Short text fragments from websites
== == ==

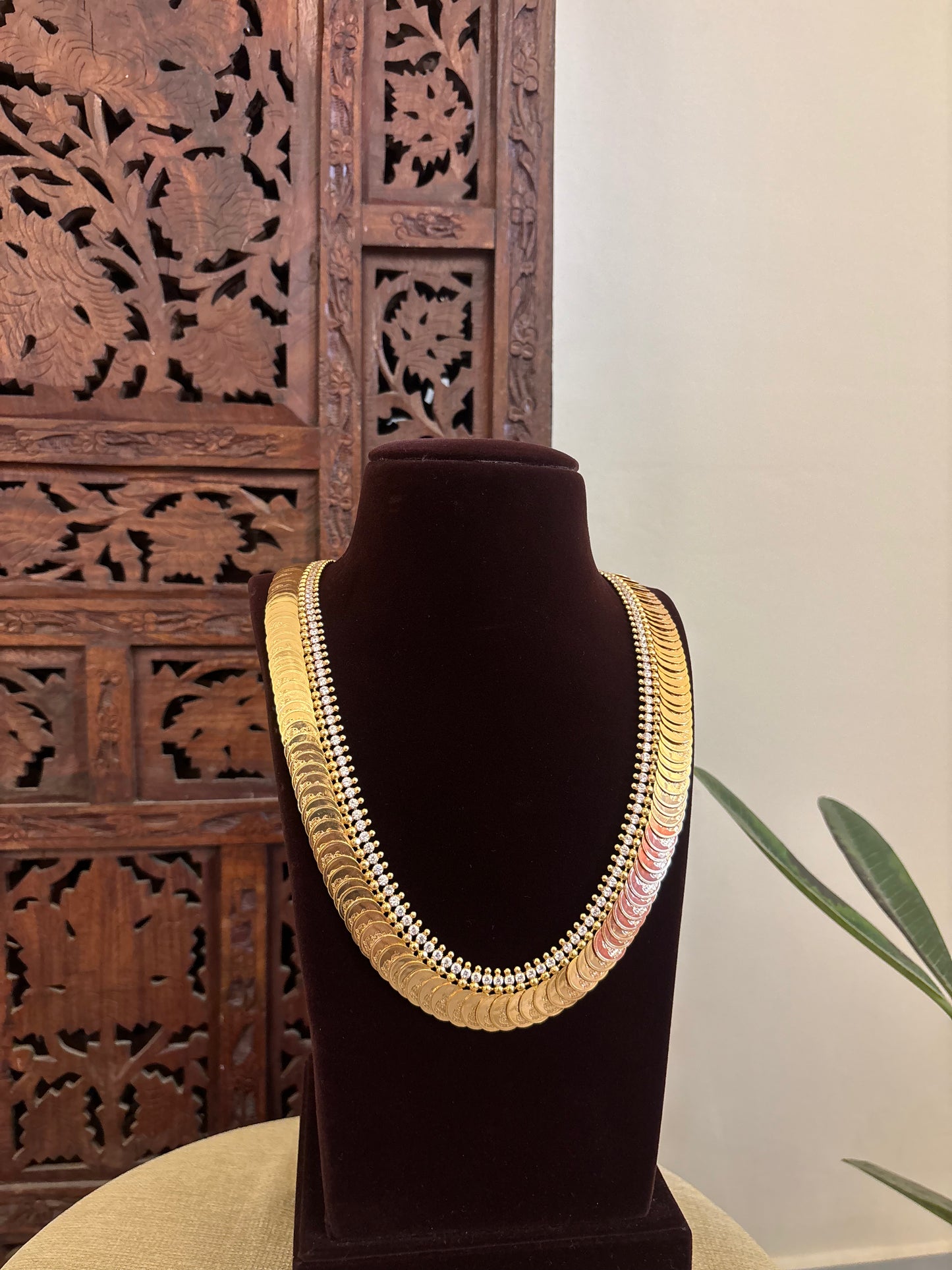 Lakshmi Kaasu Haram with Kemp Stones | White | NC580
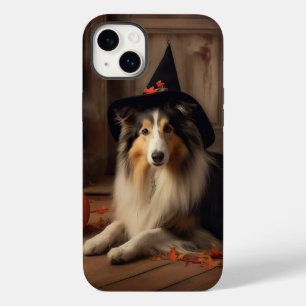 Coque Pour iPhone 14 Plus Shetland Sheepdog Citrouille Halloween effrayant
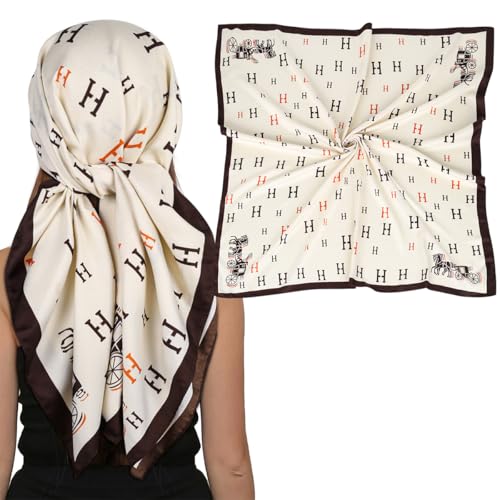 EXTREE Women's 35 inch Fashion Headscarf Silk Satin Scarf for Hair Wrapping at Night Bandana Square Scarf for Sleeping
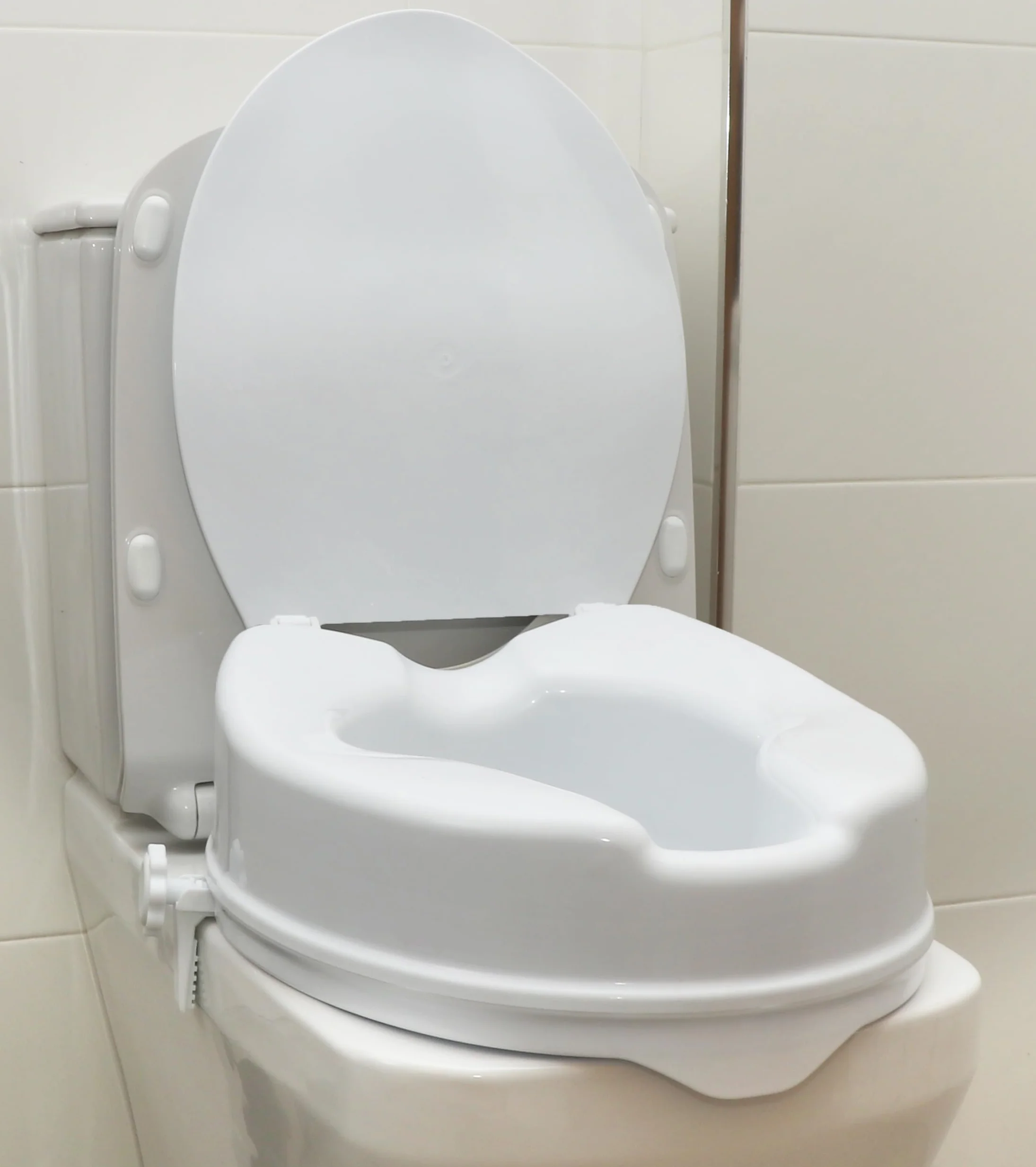 OrtoPrime Podnośnik toaletowy dla dorosłych 15 cm uniwersalny podnośnik toaletowy - podnośnik toaletowy dla dorosłych ortopedyczny - adapter toaletowy dla osób starszych - podnośnik toaletowy dla osób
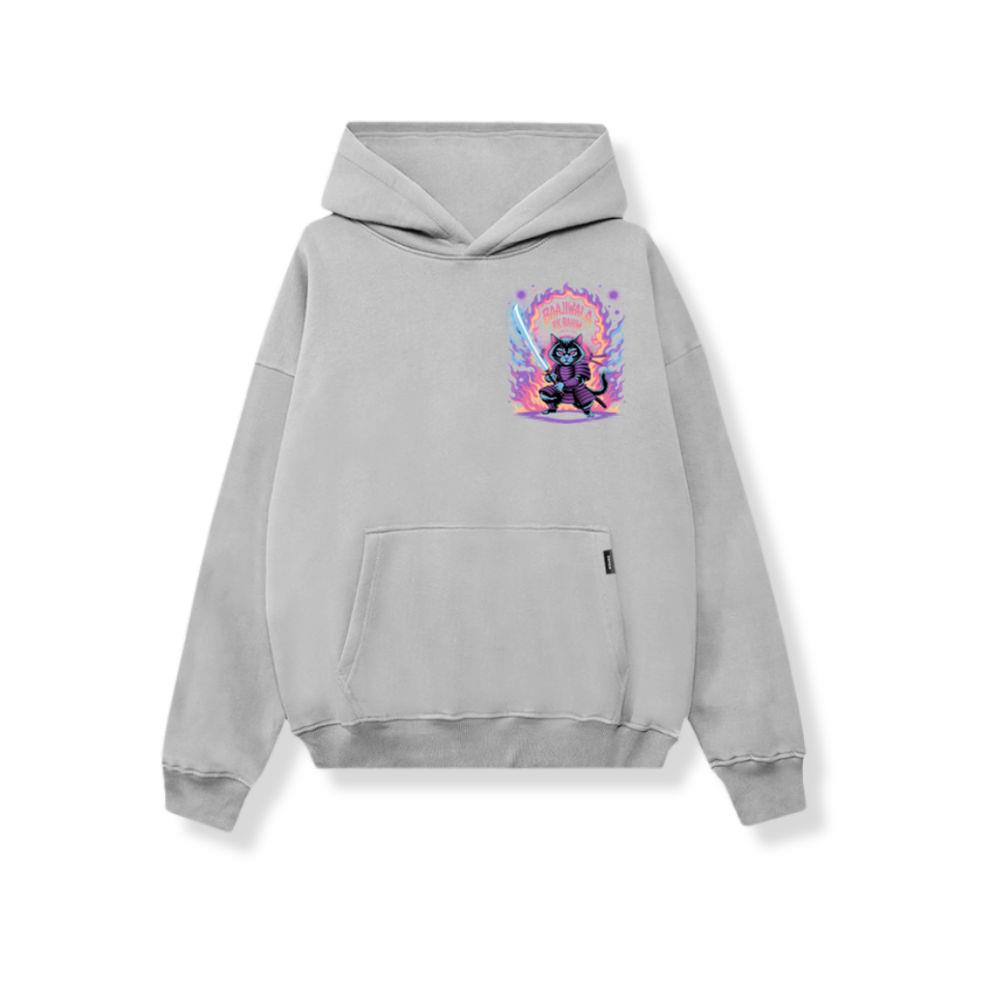 Baajiwala Ninja Cat Warrior Neon Graphic Hoodies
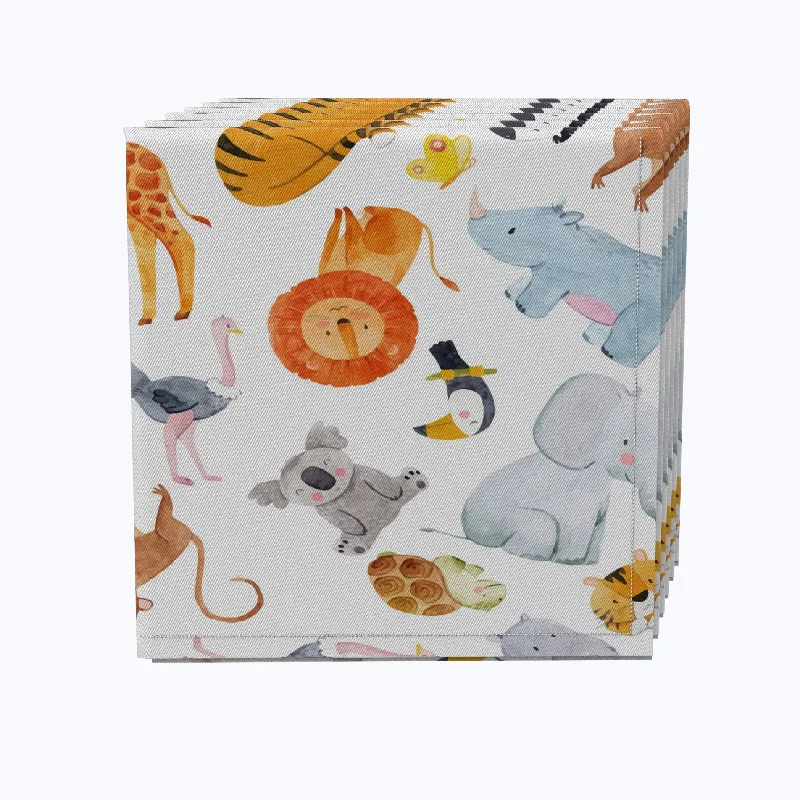 Trendy matte black dinner sets-Safari Animals Watercolor Napkins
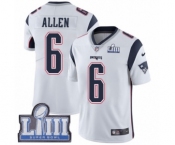 Youth Nike New England Patriots #6 Ryan Allen White Vapor Untouchable Limited Player Super Bowl LIII Bound NFL Jersey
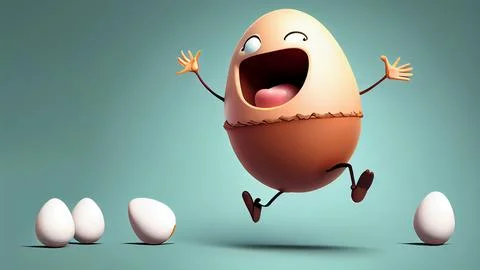 Easter egg character running and jumping with eggs in the background. Stock Illustration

== == ==

• **Task item**
Starting from the line with "OrtoPrime Podnośnik toaletowy" in the records above, repeat each line exactly until you have written the line with "Baajiwala Ninja Cat", then stop; drop the pictures.

• **Answer to the exercise**
 OrtoPrime Podnośnik toaletowy dla dorosłych 15 cm uniwersalny podnośnik toaletowy - podnośnik toaletowy dla dorosłych ortopedyczny - adapter toaletowy dla osób starszych - podnośnik toaletowy dla osób
 Baajiwala Ninja Cat Warrior Neon Graphic Hoodies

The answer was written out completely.